Dataset content:
/---
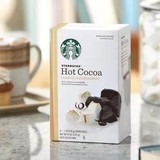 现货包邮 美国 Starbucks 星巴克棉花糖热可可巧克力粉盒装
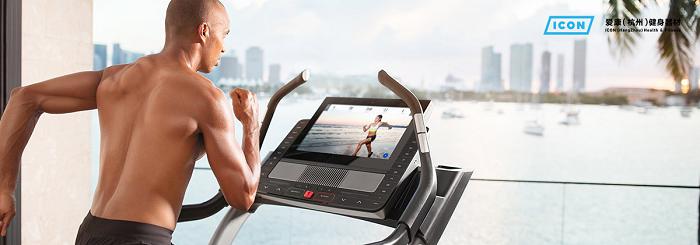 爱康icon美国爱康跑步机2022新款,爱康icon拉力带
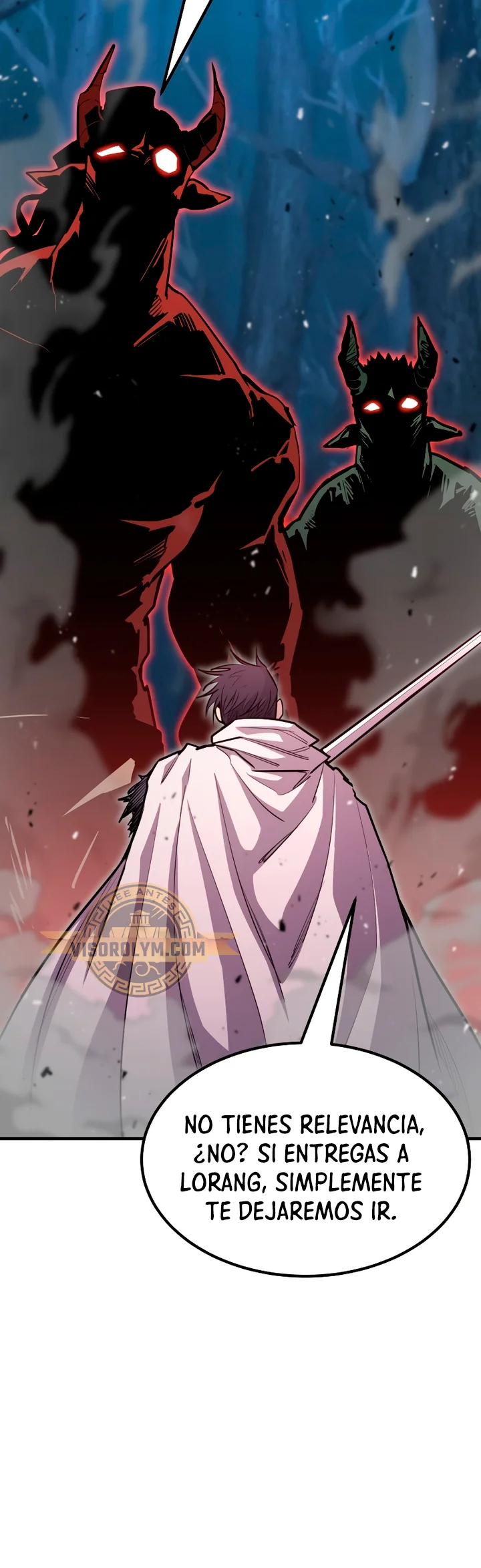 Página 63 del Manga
\---
/---
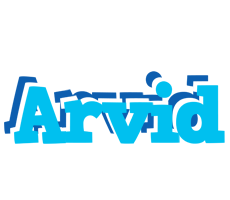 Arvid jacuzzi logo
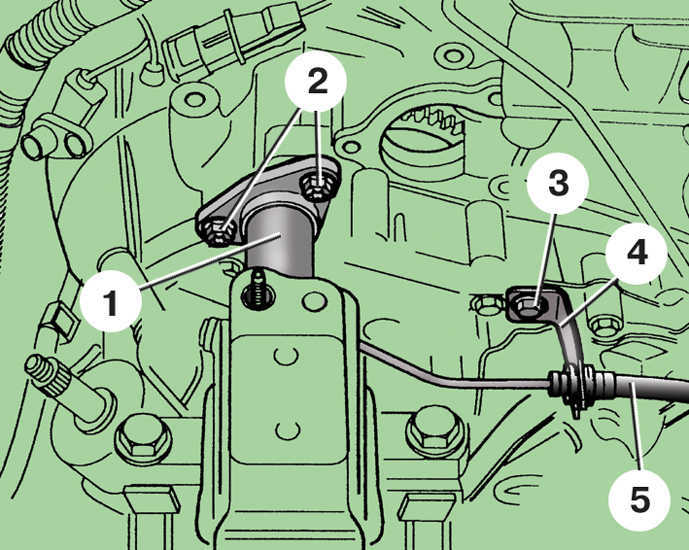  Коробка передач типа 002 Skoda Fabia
\---
Task item: Only the lines above starting with the line with "现货包邮 美国 Starbucks 星巴克棉花糖热可可巧克力粉盒装" and going on through the line with "Página 63 del Manga" belong in the answer; repeat them exactly, minus any picture.

Output below:
 现货包邮 美国 Starbucks 星巴克棉花糖热可可巧克力粉盒装
 爱康icon美国爱康跑步机2022新款,爱康icon拉力带
 Página 63 del Manga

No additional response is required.